A quelques foulées du fameux restaurant trois étoiles des frères Troisgros, repris et développé à sa manière par le fils de Pierre, le barbu Michel, 54 ans, voici donc le bistrot-épicerie maison au décor 1930, haut de plafond, carrelage, bibliothèque, tableaux abstraits et vaste cuisine apparente: un cadre altier, élégant qui accueille la «cafe society» roannaise et des mangeurs venus de cent kilomètres à la ronde. Il faut savoir que le Central, créé en 1994 par Michel et son épouse Marie-Pierre, mère de trois enfants, a été l’un des tout premiers bistrots de très grands chefs installés en France: voilà une démocratisation bien conçue de la cuisine Troisgros.
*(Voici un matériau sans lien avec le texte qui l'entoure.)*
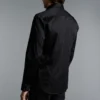 CAMISA HCG PREMIUM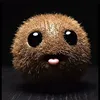 keefster0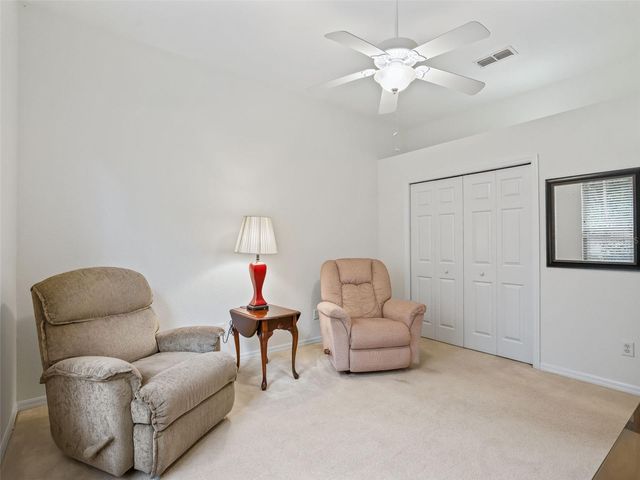 17572 SE 121ST CIRCLE, Summerfield, FL 34491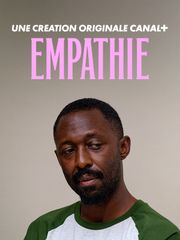 Empathie
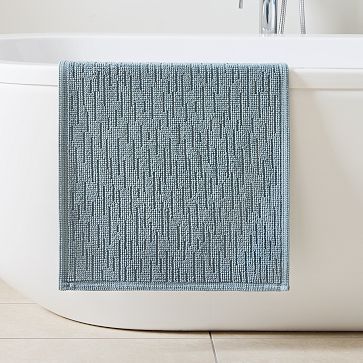 Everyday Textured Towels thumbnail 3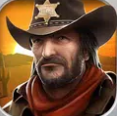 狂野西部逃生(Wild West Escape)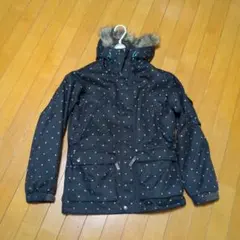 ICEPARDAL スノーボードウェア セット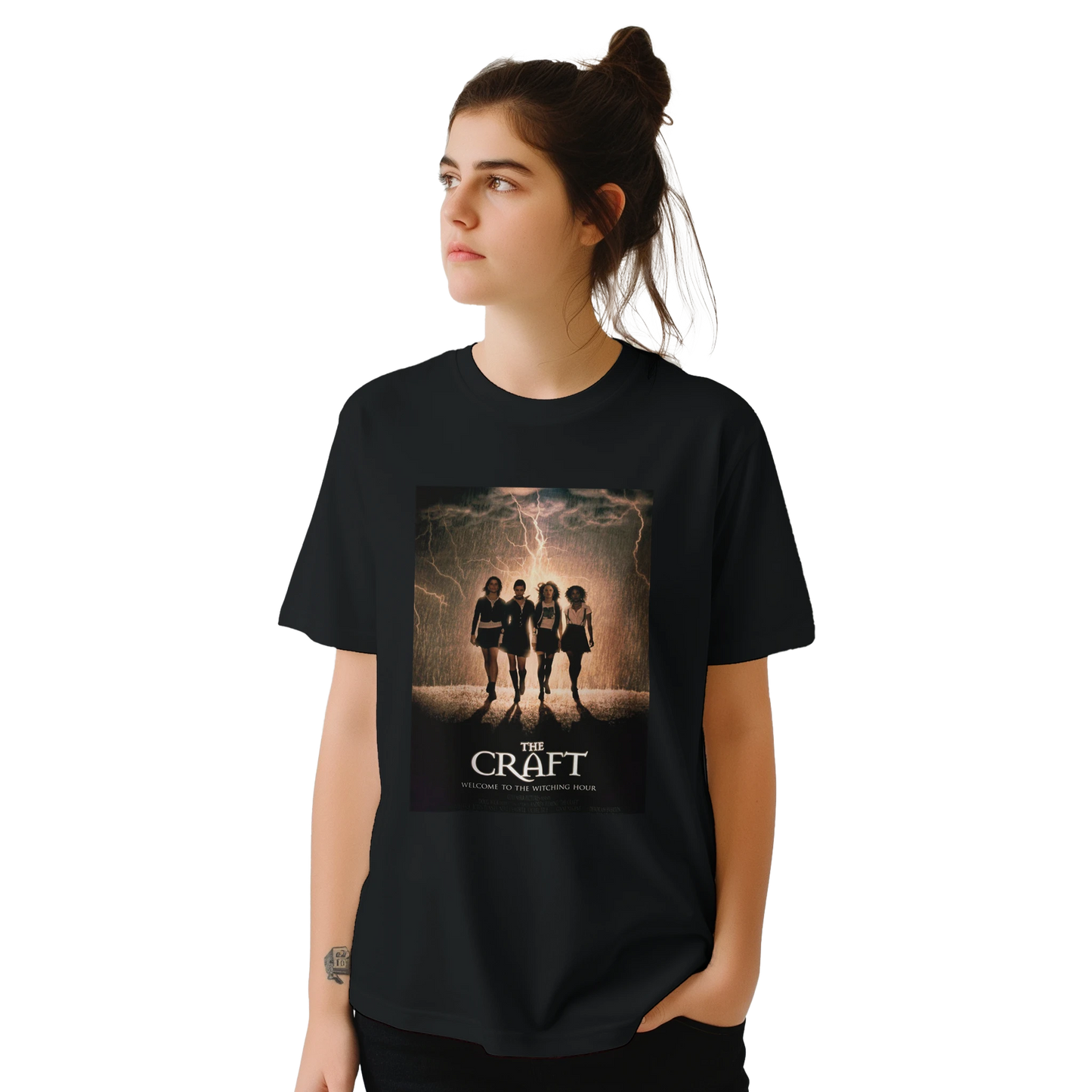 9f3b3872-c0ef-4649-85d6-f3071bc7d1ba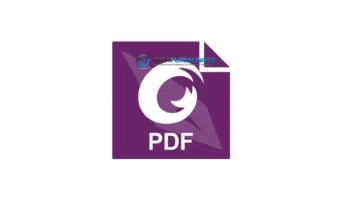 Foxit PDF Editor Pro Free Download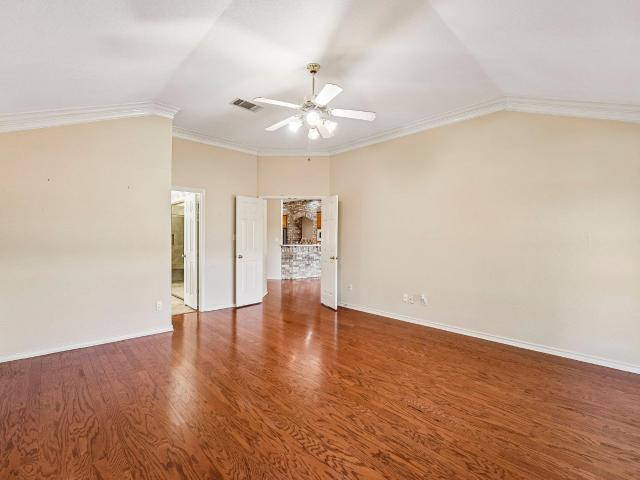 House for sale in Pflugerville, Texas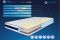Матрац Highfoam BlueMarine Balena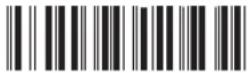 INDESIT VIA 640.1 C - SERVICE - 1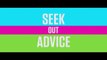 Horrible Bosses 2 TV SPOT - Seek Out Advice (2014) - Charlie Day, Jason Bateman Comedy HD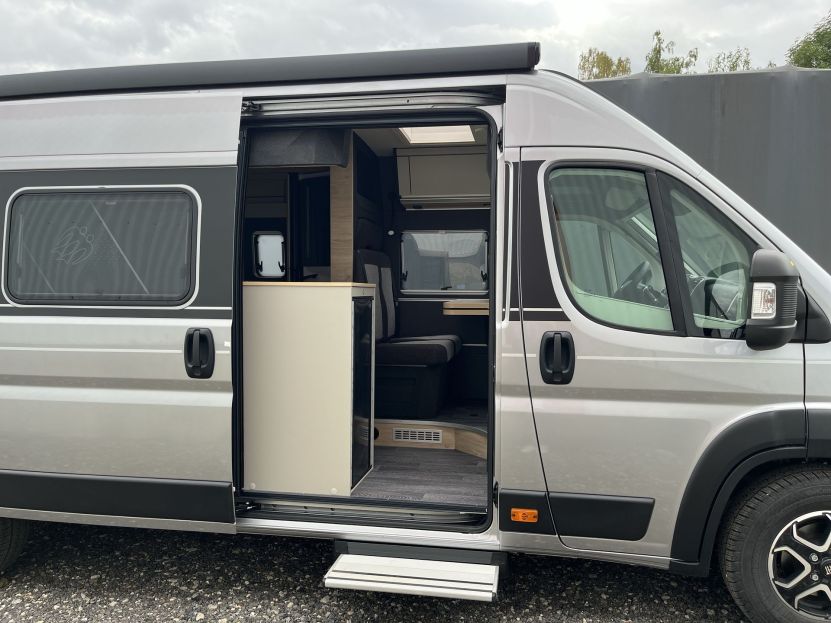 Knaus BoxTime 630 MX (12)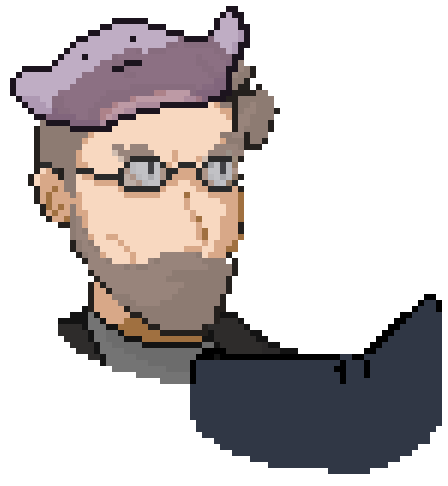 thelibrarianpng2 - Copy.png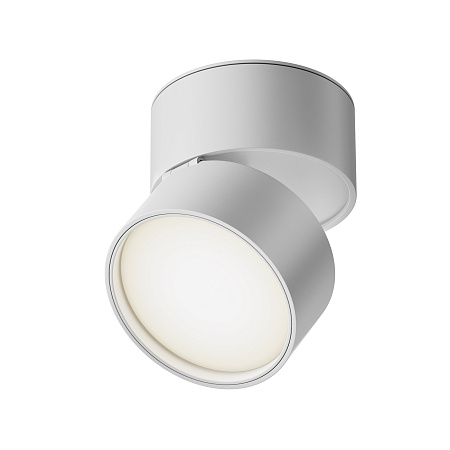 Спот Maytoni Onda C024CL-L12W4K Спот Maytoni Onda C024CL-L12W4K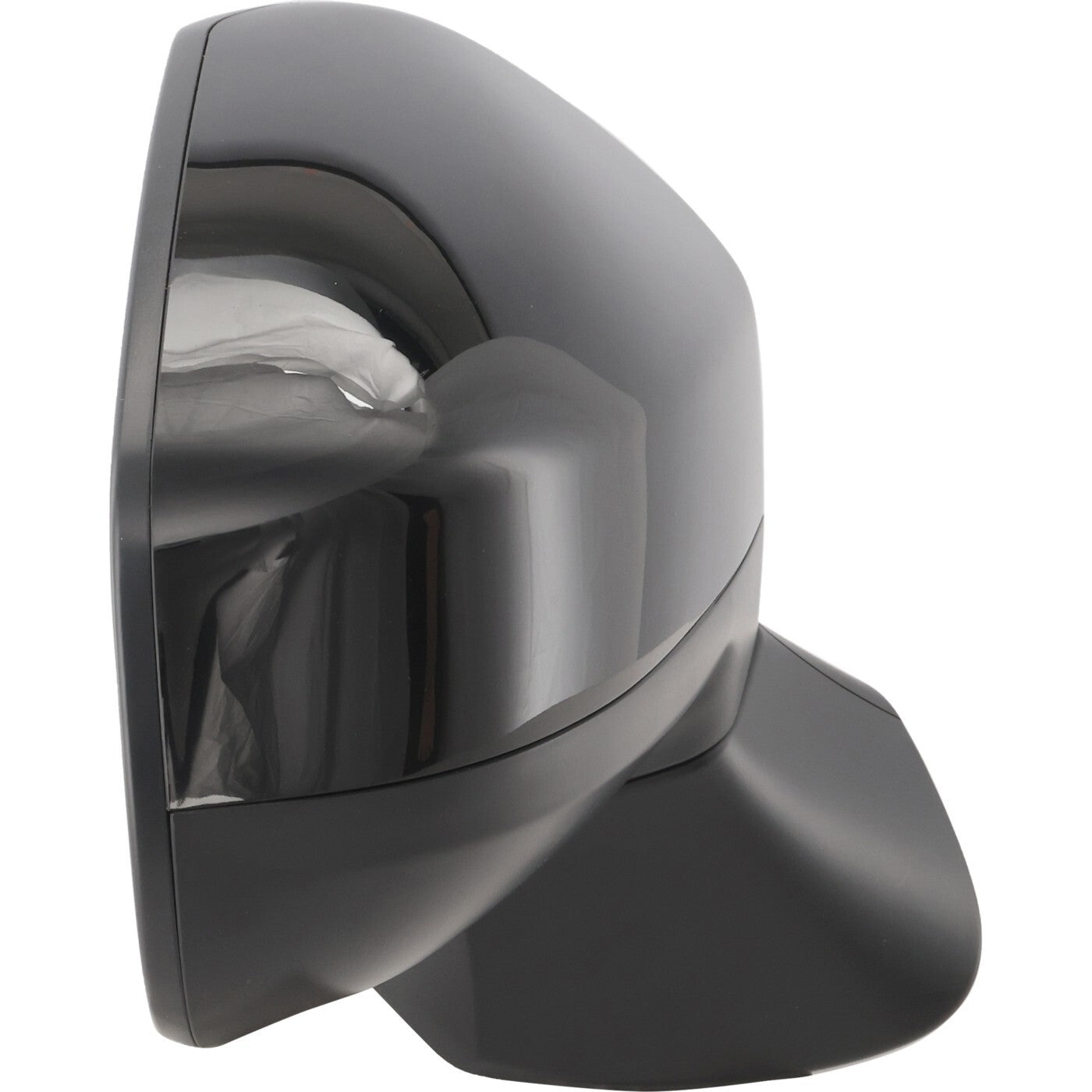 Mirrors  Passenger Right Side Hand for Subaru Impreza 2017-2022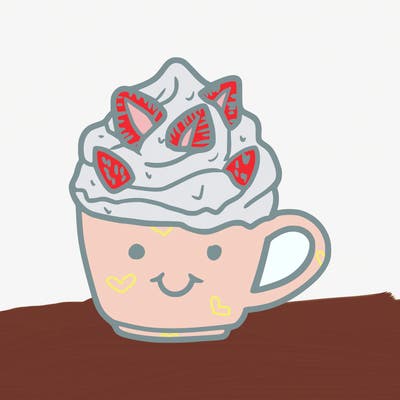 food_05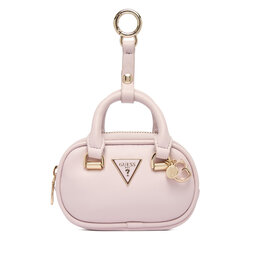 Guess Schlüsseletui Guess RW7557 P6201 Violett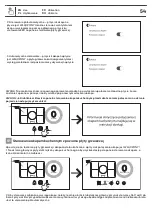 Предварительный просмотр 54 страницы GoodHome 3663602434344 Manual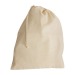 Sac filet coton bio (+Sérigraphie TC31) cadeau d’entreprise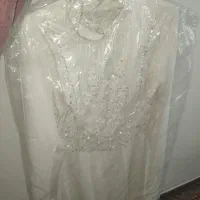 لباس محضر|لباس|مشهد, انقلاب|دیوار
Pas de truffes, mais des préparations goûteuses, originales, quelquefois canailles, comme la fricassée de foies de lapin à l’artichaut (23 euros), la terrine de pot-au-feu en vinaigrette (15 euros) et le civet de canette aux baies de cassis (26 euros).

Cette succursale bon enfant, sans le rituel réglé du trois étoiles, affiche complet tous les soirs car on se régale de l’onctueuse omelette soufflée (farcie) à la fourme de Montbrison (16 euros), du filet de féra au beurre blanc (24 euros), de l’exquise poêlée de grenouilles fraîches à l’ail et au gingembre, 200 grammes pour 20 euros, du fameux tartare haché au moment, escorté de mayonnaise et de crème de tomate au Tabasco (25 euros) et de l’onglet «Black Angus» au poivre, une merveille pour carnivores (28 euros).

La carte du chef Mickael Fayolle, sept ans chez Troisgros, change tous les trois mois et le menu du déjeuner à 24 euros ou 28 euros (31 euros le soir) est imbattable pour une telle qualité de produits: joue de bœuf marchand de vin à l’ail confit, un chef d’œuvre, suivi du clafoutis aux framboises, glace à la menthe, ou de l’Ali Baba au rhum.

Carte des vins abordables comprenant le rare pinot noir de Jean-François Coche-Dury et le gamay local bien fruité des Troisgros « les Blondins » à 4,50 euros le verre. Oui, une adresse extraordinaire sur la route des vacances. On peut aussi accomplir le périple jusqu’à Roanne pour le trois étoiles (menus à 170 ou à 205 euros) et s’offrir le Central : un repaire de fins palais. Les Troisgros forever.

  • Le Central 58 cours de la République 42300 Roanne. Tél.: 04 77 67 72 72. Fermé dimanche et lundi.